On all the previous occasions, I have seen this Bill filibustered by a tiny number of Members of this House. I persist in trying to get it passed, knowing that there is overwhelming support in all parts of the Chamber—Labour, Liberal Democrat, Conservative and Cross Bench—for getting it on to the statute book. I include many hereditaries who have wished me luck this week in getting the Bill through, because—unlike a minority of their friends—they can see the sense in doing that.

Given that this process has been going on for so long, and that new Members have arrived and long-standing Members may not have caught up with recent developments, it may be helpful for me to take stock of this whole by-election saga: what has happened so far and what needs to be done. For our new listeners, here goes.

There are 92 hereditary Peers in this House, 90 of whom—when they die, retire or are expelled, though none have been—are replaced by a system of by-elections. The number 90 is constant, fixed in law by the 1999 House of Lords Act. Of the 90, 75 are elected on a party basis from the four groupings in this House. For a Conservative vacancy, the electorate consists of the Conservative hereditary Peers in the House; there are 46 at the moment. For a Cross-Bench vacancy, the electorate is 29; for Labour it is four and for the Liberal Democrats three.
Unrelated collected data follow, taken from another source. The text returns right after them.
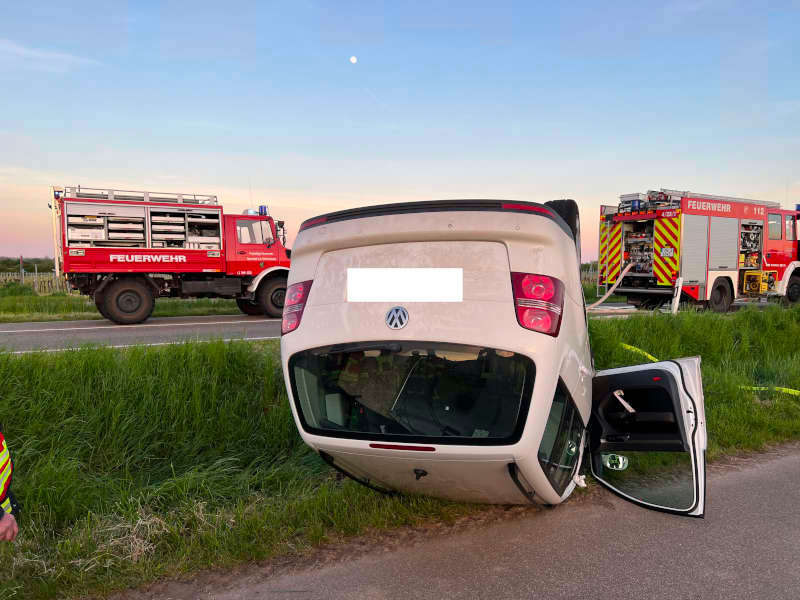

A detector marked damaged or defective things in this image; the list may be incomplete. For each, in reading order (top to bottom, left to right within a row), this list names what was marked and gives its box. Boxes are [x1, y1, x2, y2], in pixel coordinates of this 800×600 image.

overturned white car [282, 200, 708, 516]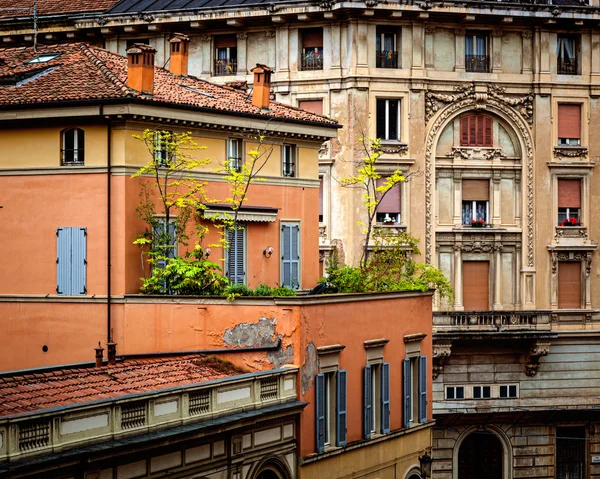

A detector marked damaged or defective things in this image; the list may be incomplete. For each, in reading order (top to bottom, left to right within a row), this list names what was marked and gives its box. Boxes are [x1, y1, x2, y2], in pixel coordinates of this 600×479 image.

peeling plaster [223, 318, 278, 348]
peeling plaster [268, 344, 294, 372]
peeling plaster [300, 344, 318, 396]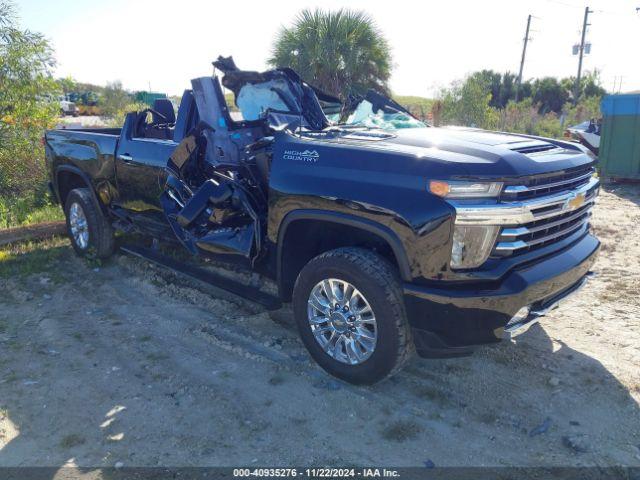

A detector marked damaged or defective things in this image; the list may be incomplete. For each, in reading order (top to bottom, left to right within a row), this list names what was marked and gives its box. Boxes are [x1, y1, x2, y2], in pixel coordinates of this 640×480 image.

severely damaged cab [161, 57, 336, 264]
severely damaged cab [45, 57, 600, 386]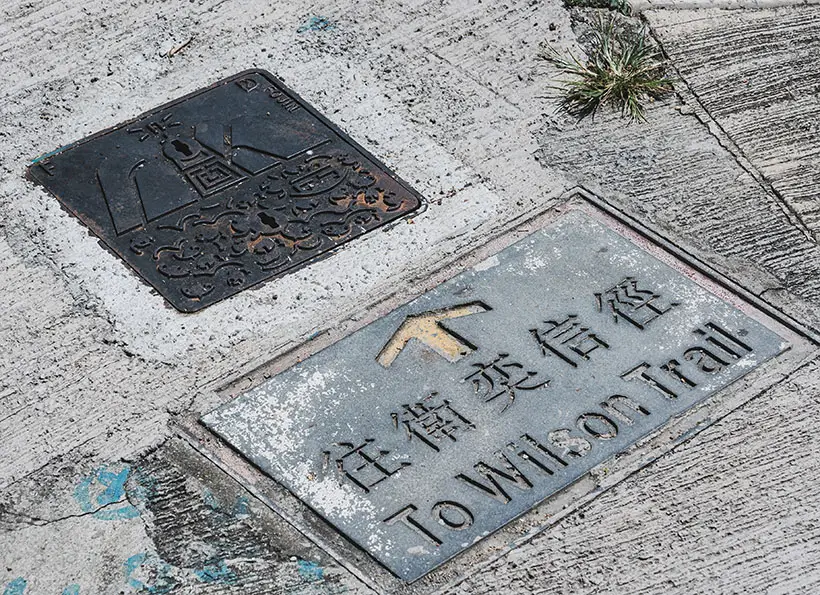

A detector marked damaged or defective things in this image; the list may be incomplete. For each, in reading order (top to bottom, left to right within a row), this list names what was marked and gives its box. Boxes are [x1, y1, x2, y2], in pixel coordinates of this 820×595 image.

rust stain on metal [25, 69, 422, 312]
rusted metal manhole cover [27, 70, 422, 312]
With such small numbers, the by-elections for these two parties are particularly absurd. There was a quite farcical by-election for a Liberal Democrat vacancy in April 2016, which many Members of the House will be familiar with, when there were more than twice as many candidates as voters—seven candidates and three voters. Six of the candidates received no votes at all and, with a 100% turnout, the winner got all three. The cost of the by-election was £100 for each vote counted, a total of £300. I would be quite happy to have done it for a mere £150. I can update the House on costs, which have escalated following a recent tendering process. The new prices for the by-elections are as follows: for a Conservative or Cross-Bench election, the cost to the House is £600; for a Labour or Liberal Democrat one, it is £570. So the Labour and Liberal Democrat hereditaries provide better value for money.
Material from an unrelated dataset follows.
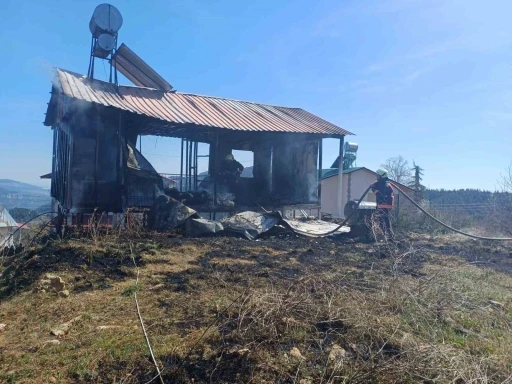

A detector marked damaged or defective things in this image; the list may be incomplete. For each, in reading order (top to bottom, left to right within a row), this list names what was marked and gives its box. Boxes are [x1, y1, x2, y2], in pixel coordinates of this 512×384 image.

burned wooden house [44, 67, 352, 222]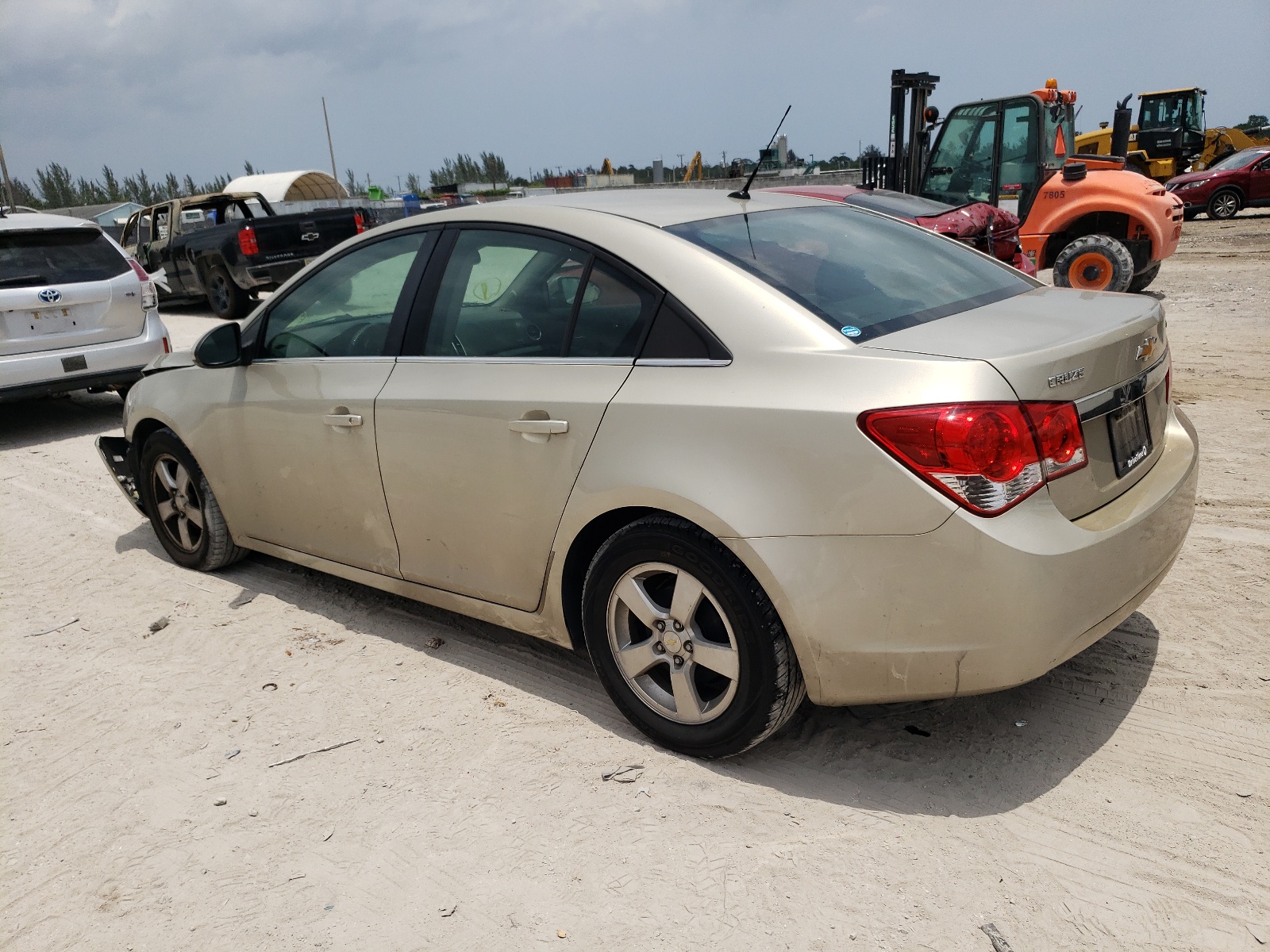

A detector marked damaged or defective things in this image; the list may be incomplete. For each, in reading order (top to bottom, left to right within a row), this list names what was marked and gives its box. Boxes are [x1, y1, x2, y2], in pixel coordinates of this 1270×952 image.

damaged red car [762, 184, 1031, 278]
I invite any Peer in today’s debate who opposes my Bill to explain what it is that they most admire about an election with an electorate of three; but it gets worse. Earlier, I mentioned that 75 of the 90 are elected by party groups. The remaining 15 are elected by the whole House—811 of us. To explain, the 1999 Act reserved 15 hereditary places to enable those hereditary Peers who were Deputy Speakers at the time to remain in the House. Not surprisingly, however, after 20 years most of the original 15 are no longer Deputy Speakers and anyone who wins under one of these by-elections is not expected to be a Deputy Speaker. To summarise, in these Deputy Speaker by-elections, the departing Member does not have to be a Deputy Speaker and the person replacing him does not have to be one either: you know it makes sense.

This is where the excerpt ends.